▶ **About this task**:
No pictures, please. Output the lines from the start of the data through the line that contains "I also picked", both included, exactly as they stand.

▶ **Supplied data**:
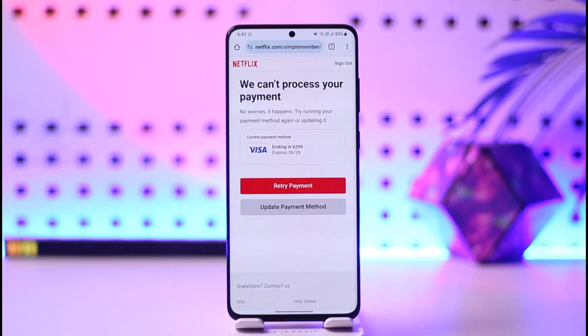The reason it says that is because your card is not accepted as a payment method by Netflix. There are several things you can try: don't use that card anymore if you have another one, update your payment method with an accepted payment option, or enable your card for international transactions.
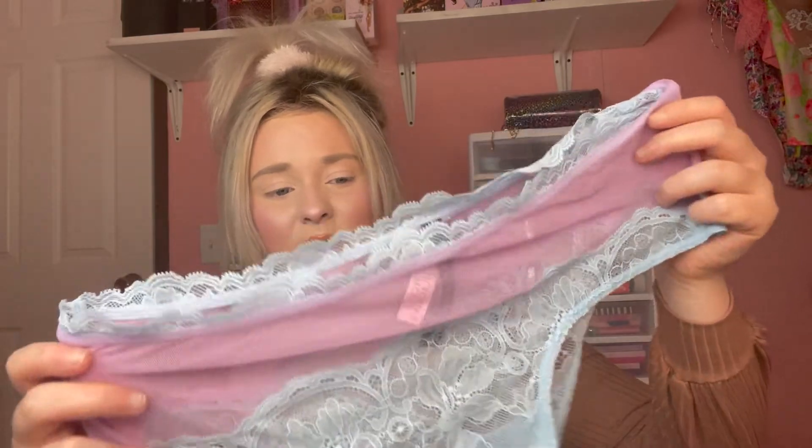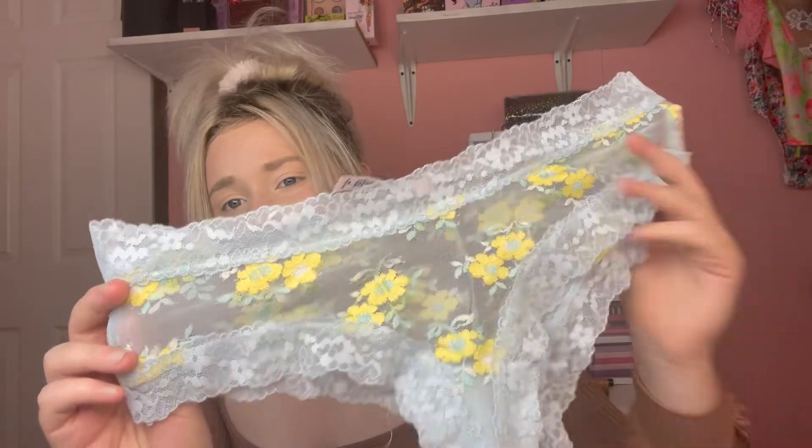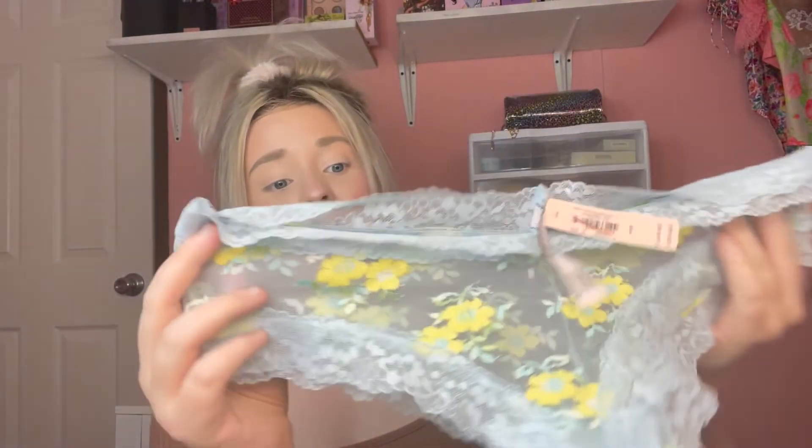I also picked up some panties and these were super discounted — like $3.99 and $4.99. I only found three pairs that I actually really liked. The first pair looks like cotton candy — it's a really pretty pink shade and then the rest is blue, and it's completely see-through. Then I also have this pretty blue pair with yellow flowers all over it, completely see-through and lace.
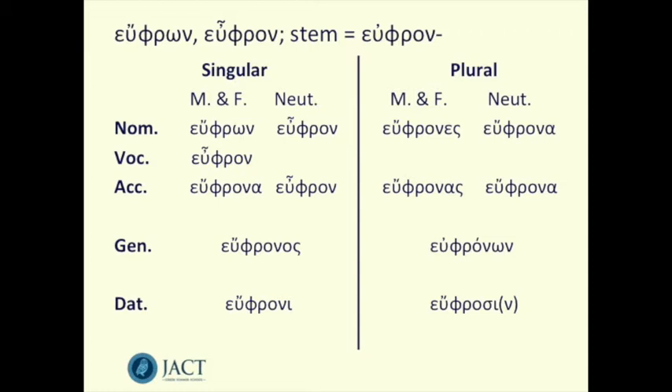So that's why we have this idea of them being dual termination — because you've really only got two sets of endings to learn: one set for the masculine and feminine, and one set for the neuter.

▶ **Answer space**:
The reason it says that is because your card is not accepted as a payment method by Netflix. There are several things you can try: don't use that card anymore if you have another one, update your payment method with an accepted payment option, or enable your card for international transactions.
I also picked up some panties and these were super discounted — like $3.99 and $4.99. I only found three pairs that I actually really liked. The first pair looks like cotton candy — it's a really pretty pink shade and then the rest is blue, and it's completely see-through. Then I also have this pretty blue pair with yellow flowers all over it, completely see-through and lace.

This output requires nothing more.